* _What needs to be done_
Lines below that hold the word "Portable" must be copied in full.

------------------------------

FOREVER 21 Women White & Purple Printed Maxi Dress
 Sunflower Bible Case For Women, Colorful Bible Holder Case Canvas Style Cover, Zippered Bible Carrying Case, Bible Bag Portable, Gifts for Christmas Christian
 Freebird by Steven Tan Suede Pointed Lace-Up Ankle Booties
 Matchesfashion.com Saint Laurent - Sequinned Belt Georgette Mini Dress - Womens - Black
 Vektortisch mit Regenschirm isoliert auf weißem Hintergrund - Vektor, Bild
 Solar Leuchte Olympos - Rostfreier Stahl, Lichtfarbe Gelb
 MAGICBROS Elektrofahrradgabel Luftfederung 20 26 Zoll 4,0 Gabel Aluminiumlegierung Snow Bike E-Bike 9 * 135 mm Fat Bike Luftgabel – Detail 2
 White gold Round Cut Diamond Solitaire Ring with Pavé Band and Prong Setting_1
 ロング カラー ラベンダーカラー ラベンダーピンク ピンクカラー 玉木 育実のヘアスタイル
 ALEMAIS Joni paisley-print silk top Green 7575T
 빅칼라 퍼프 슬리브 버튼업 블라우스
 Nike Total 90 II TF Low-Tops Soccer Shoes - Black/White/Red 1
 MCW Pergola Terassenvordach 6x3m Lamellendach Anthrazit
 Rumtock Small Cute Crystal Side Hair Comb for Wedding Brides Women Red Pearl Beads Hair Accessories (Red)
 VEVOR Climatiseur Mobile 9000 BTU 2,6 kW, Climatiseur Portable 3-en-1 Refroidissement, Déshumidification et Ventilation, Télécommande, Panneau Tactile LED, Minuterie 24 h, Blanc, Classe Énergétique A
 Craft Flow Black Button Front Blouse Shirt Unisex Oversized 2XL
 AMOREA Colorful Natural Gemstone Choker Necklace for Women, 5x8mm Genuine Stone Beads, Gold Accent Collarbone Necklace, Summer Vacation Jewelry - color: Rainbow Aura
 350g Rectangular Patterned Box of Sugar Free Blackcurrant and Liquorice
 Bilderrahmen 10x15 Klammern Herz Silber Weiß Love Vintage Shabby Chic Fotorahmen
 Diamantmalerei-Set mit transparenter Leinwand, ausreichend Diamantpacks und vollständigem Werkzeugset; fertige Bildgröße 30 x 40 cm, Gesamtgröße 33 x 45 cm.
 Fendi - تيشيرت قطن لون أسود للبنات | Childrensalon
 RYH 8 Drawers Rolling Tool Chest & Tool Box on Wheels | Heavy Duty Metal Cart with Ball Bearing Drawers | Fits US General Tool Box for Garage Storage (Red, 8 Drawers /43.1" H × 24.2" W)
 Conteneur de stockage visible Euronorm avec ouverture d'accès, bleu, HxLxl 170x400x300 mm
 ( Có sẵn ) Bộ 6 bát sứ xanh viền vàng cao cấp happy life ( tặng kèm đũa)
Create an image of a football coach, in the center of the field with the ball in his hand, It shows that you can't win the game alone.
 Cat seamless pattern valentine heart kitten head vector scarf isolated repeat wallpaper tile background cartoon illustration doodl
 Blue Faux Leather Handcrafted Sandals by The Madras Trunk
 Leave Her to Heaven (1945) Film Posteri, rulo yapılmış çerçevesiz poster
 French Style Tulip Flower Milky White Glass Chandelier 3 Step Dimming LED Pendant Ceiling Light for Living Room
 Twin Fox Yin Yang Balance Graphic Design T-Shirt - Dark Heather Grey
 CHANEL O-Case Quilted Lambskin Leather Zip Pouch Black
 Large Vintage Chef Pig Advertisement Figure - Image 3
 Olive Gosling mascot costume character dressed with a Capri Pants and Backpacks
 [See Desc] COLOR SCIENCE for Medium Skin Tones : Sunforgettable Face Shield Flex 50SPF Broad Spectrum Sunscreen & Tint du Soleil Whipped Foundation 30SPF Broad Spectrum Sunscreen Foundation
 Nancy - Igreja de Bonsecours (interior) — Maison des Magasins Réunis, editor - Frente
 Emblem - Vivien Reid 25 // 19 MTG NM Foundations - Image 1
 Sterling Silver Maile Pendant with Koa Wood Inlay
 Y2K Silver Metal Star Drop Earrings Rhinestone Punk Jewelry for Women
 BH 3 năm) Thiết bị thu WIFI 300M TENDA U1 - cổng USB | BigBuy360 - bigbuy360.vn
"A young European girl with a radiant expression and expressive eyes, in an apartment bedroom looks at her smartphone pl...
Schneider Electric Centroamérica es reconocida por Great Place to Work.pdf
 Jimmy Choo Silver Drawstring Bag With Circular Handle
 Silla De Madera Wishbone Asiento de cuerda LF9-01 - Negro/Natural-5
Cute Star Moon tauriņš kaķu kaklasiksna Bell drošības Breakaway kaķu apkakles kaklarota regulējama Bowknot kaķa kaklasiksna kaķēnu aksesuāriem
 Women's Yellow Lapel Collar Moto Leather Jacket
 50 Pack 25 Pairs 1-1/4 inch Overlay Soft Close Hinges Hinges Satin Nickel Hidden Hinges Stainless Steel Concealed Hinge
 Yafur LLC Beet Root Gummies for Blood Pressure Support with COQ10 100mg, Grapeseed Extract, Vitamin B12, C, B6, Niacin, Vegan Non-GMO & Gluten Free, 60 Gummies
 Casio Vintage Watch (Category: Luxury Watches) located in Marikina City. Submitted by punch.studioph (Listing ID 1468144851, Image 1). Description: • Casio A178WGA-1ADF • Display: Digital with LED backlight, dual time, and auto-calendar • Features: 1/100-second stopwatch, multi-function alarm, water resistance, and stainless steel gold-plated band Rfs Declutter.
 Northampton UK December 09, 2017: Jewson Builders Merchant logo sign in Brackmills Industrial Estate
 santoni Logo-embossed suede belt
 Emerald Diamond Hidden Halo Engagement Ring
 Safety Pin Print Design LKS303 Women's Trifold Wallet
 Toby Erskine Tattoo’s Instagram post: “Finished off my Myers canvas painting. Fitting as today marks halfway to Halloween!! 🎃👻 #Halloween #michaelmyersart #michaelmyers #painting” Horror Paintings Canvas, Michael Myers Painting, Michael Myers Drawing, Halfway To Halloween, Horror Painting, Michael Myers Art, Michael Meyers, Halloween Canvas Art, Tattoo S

------------------------------

* _Written answer_
 Sunflower Bible Case For Women, Colorful Bible Holder Case Canvas Style Cover, Zippered Bible Carrying Case, Bible Bag Portable, Gifts for Christmas Christian
 VEVOR Climatiseur Mobile 9000 BTU 2,6 kW, Climatiseur Portable 3-en-1 Refroidissement, Déshumidification et Ventilation, Télécommande, Panneau Tactile LED, Minuterie 24 h, Blanc, Classe Énergétique A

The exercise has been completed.